THE WAR IN NORTH CENTRAL
As it were, most of the governments had granted nothing much to workers. In Niger State, for instance, where the governor, Dr. Muazu Babangida Aliyu promised to pay the workers the new wage, he hinged it on envisaged review of the allocation due to states from the federation account. Niger State has 41,000 workforce which it pays a minimum of N6,500 per worker.
Since assuming office, the governor has added 20,000 job seeking graduates of NCE, OND, HND and degree holders to its payroll and promised to reduce unemployment in the state. Before 2009, the minimum wage in the state was N5,000.
However, the government is yet to come up with any figure even as it keeps mum on whether it would pay the new wage or not. Labour on its part seems carried away by the employment of the 20,000 job seekers and the promise to do more.
Niger State would need about N4.5b to pay the N18,000 minimum wage. It currently pays N2.5b and government sources say capital projects would suffer if the Federal Government fails to intervene.
It appears a common phenomenon in the zone that the concern of the states is not the minimum wage but the adjustments that now have to be made in the entire civil service structure. The financial consequence has forced the Benue State government to protest that a minimum wage review should not be interpreted as a total wage review.
Dr. Cletus Akwaya, former Special Adviser to the Governor on Media says: 'The minimum wage the workers are asking for is far more than what the state government can afford. He says the state government earns a little above N2billion, but that the monthly wage bill gulps about N1.4billion of the amount. However, he says a committee headed by the state's Head of Service, Hon. Mike Iorder has been set up to examine the issue.
But the NLC in the state is insisting that the payment of the N18,000 minimum wage is non-negotiable. Its Chairman, Comrade Simon Anchaver believes the government can pay the bill.
In Kogi State, the fear of inflation is easily the most cited factor, according to government sources. In the run-up to the N14,000 Reality wage recently implemented by the government, this has spurred the labour leaders in the state to remain cautious. The state labour leader, Comrade Monday Husseini, who spoke to Saturday Sun said workers are happy with the state government, being the first to commence salary relativity. 'We view the salary relativity as a big achievement of this administration.
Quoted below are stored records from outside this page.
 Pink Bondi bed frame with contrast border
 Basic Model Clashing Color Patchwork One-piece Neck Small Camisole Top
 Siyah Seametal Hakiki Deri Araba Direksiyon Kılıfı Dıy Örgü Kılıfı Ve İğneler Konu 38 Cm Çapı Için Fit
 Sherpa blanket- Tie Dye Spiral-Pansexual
While other states are battling, Governor Idris has paid, even though not without hiccups.
'We believe the issue of wage increase should be approached with caution. That is why we are not in a haste over the N18,000, after all, the difference is just N3,900.' Nevertheless, the government of Kogi State says it is not finding it easy. A government source put the monthly allocation to the state at between N1.7b and N1.9b and of these amounts, it pays N1.6b as salary. The government says unless the Federal Government listens to the plea of the members of the Council of States, it would be difficult to pay the N18,000 new minimum wage.
In Plateau State, the government expressed worry about the pressure expected on recurrent expenditure should the new minimum wage come into effect. It is worried as negptiations are about to begin next week. The state NLC leader, Jibril Kamga says the state chapter has just received a note from the national secretariat that negotiation with the state government should resume. The minimum wage in Plateau State is N7,500. Even then, the state government is owing workers about two months salary. 'The workers, who were on strike from January to March, have only been paid January and February while only few ministries have been paid March salary,' the labour leader says.
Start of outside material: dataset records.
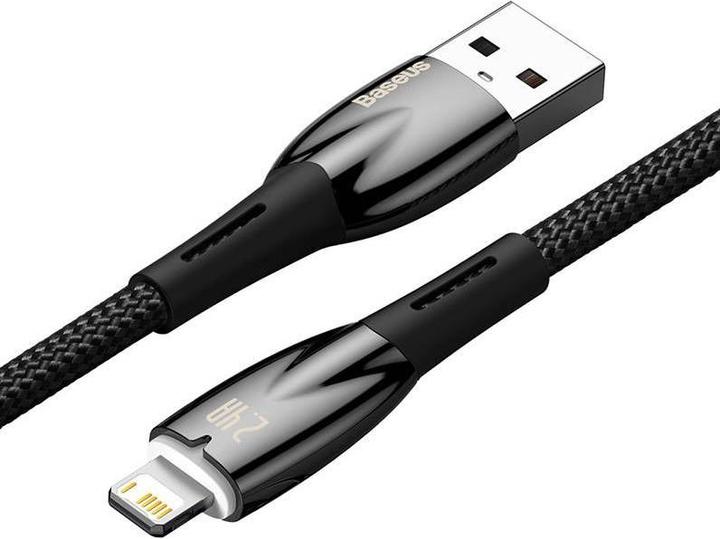 Actual product image Baseus USB cable for Lightning Glimmer Series, 2.4A, 1m (Black) (1 m)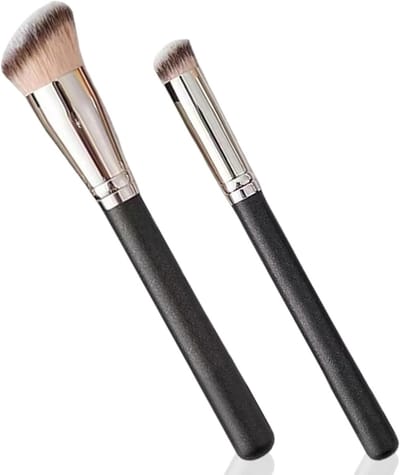 Kabuki Concealer Borstels - 2 Stuks Mengborstels voor Make-up, Ideaal voor Contouren en Vloeibare Crème en Poeder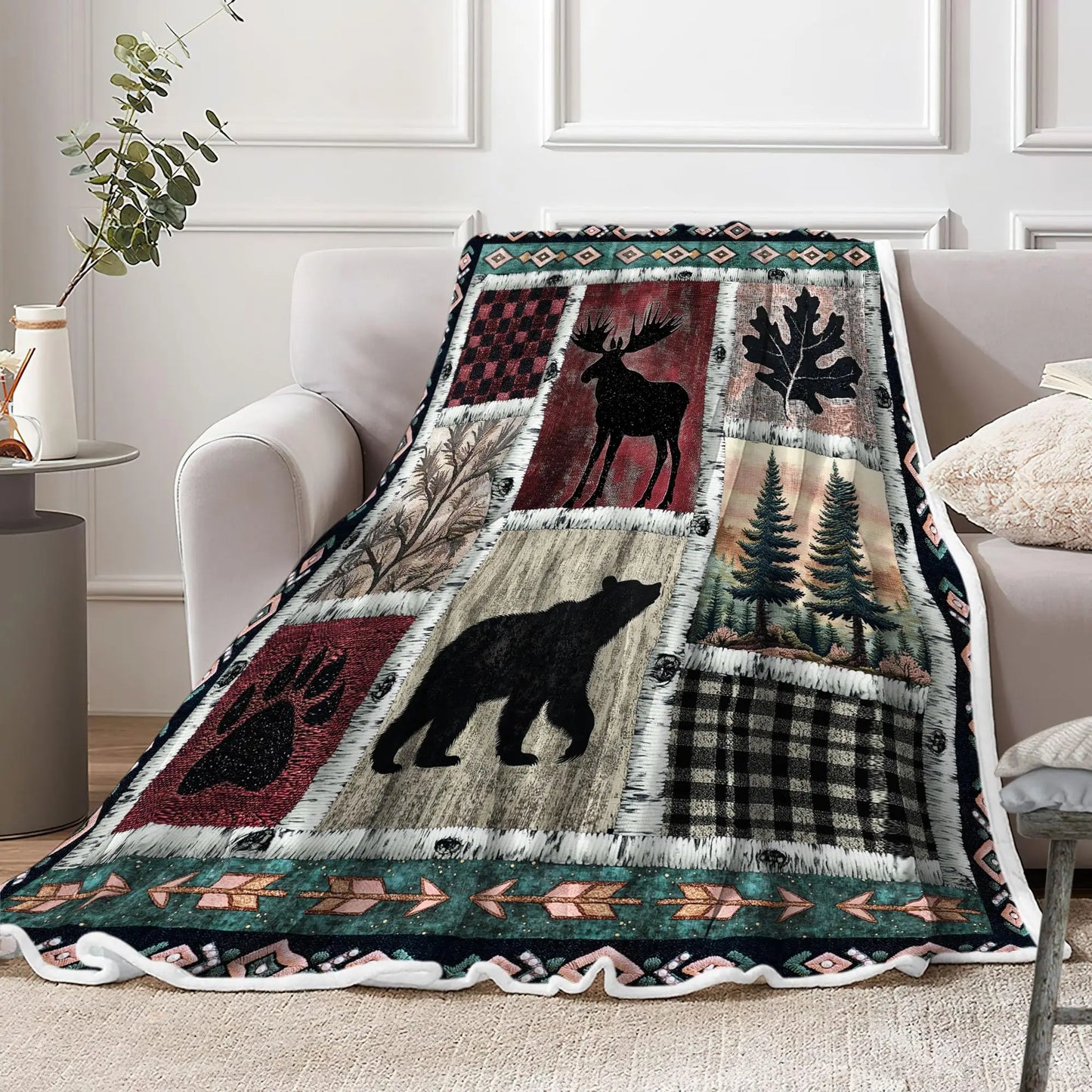 Turquoise Black White Aztec  Soft Flannel Blanket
The state has set up a committee headed by the Gwom Gbong Jos, Dah Jacob Buba to advise government on the implementation of the wage to workers.
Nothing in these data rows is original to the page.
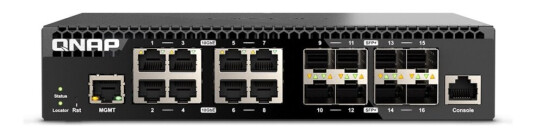 Qnap Qsw-M3216r-8S8t - Switch - Styrt - 8 X 100/1000/2.5G/5G/10Gbase-T + 8 X 10Gb Ethernet Sfp+ - Rackmonterbar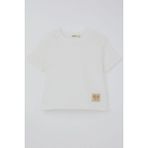 Breeze Kız Çocuk Crop Tişört Fiyonk Arma Detaylı 7-12 Yaş, Ekru - 7 Yaş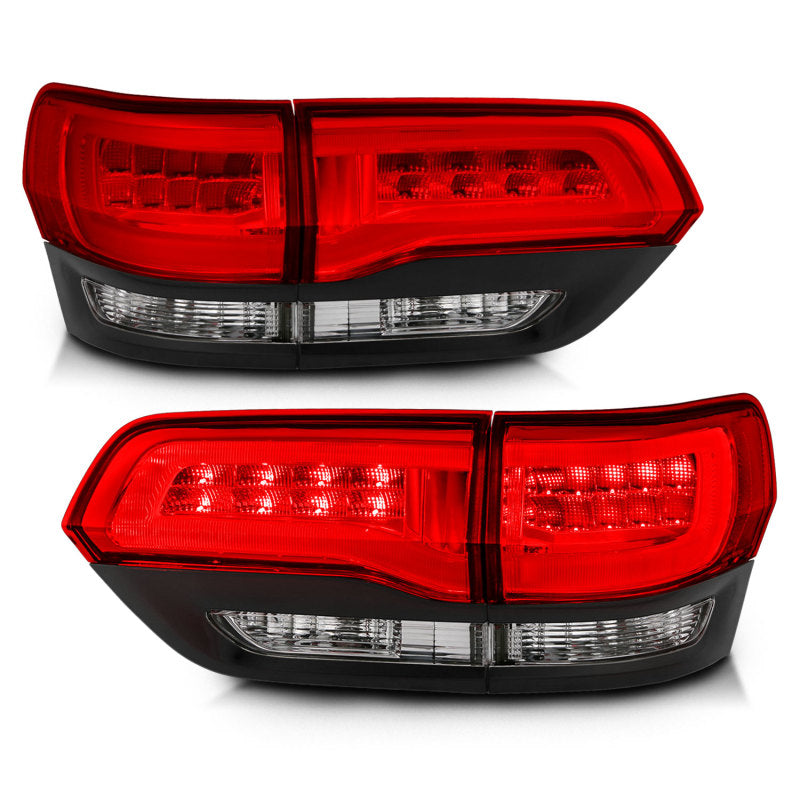 ANZO 2014-2016 Jeep Grand Cherokee LED Taillights Red/Clear - Burkken Auto Parts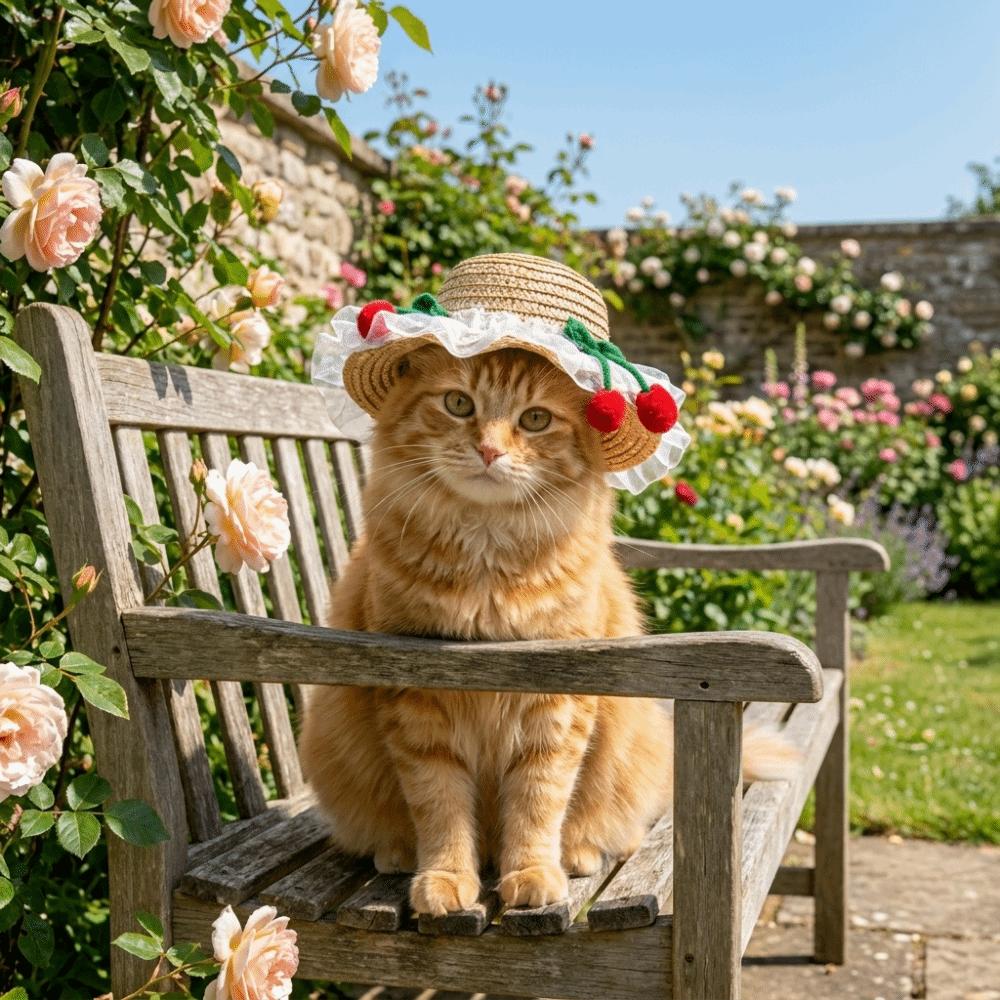 Adjustable Pet Sun Hat Lace Decor Dog Sun Protection Cap Fashion Cat Sunshade Hat Walking Hiking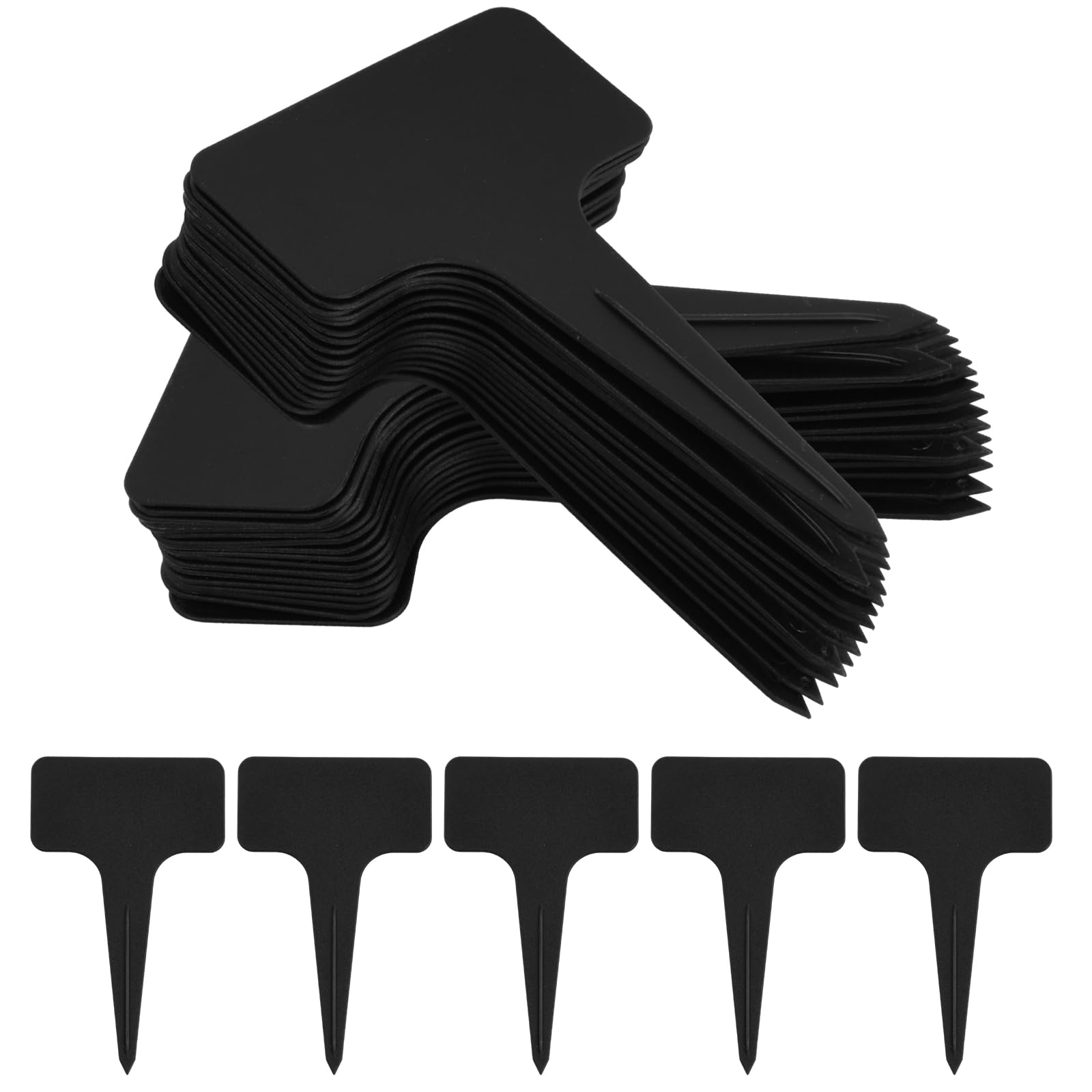Hanunalir 100 Pcs Black Plant Labels, T-Shape Garden Markers, Reusable PVC Plastic Plant Tags for Outdoor Plants, Herbs, Flowers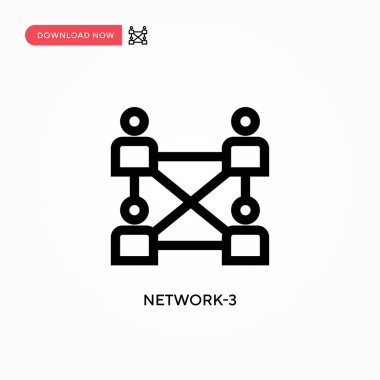Ağ-3 basit vektör simgesi. Web sitesi veya mobil uygulama için modern, basit düz vektör çizimi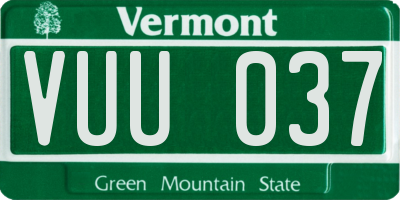 VT license plate VUU037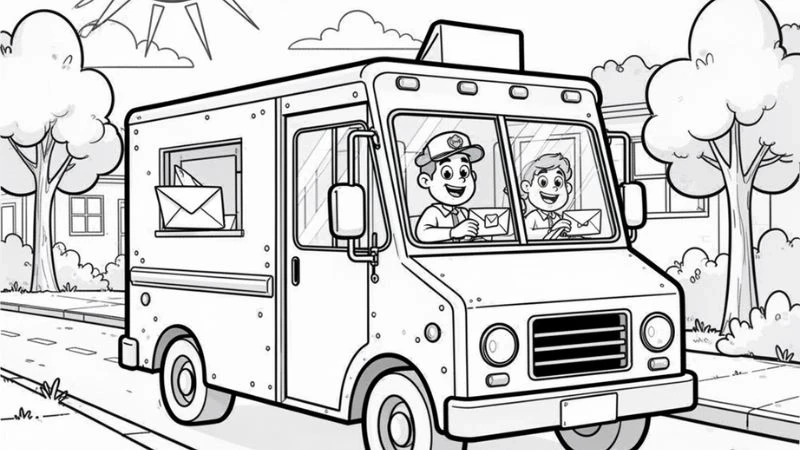 Tuyển tập tranh tô màu xe chở thư bưu điện đẹp khiến bé thích mê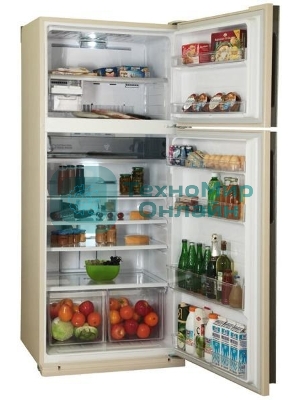 Холодильник Sharp SJ-XE59PMBE бежевый двухкамерный 430/148л морозилка сверху, No Frost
The story is the same in Nasarawa and Kwara states where Governors Al-Makura and Abdulfatah Ahmed, both new helmsmen, are battling with labour leaders. Although Alhaji Aliyu Akwe Doma, the past governor promised to pay, Al-Makura says the state cannot afford to pay the bill for now. The minimum wage in Nasarawa State for now is N5,400. Asoloko Makin, state NLC chairman, says the body is waiting for directives from its national headquarters.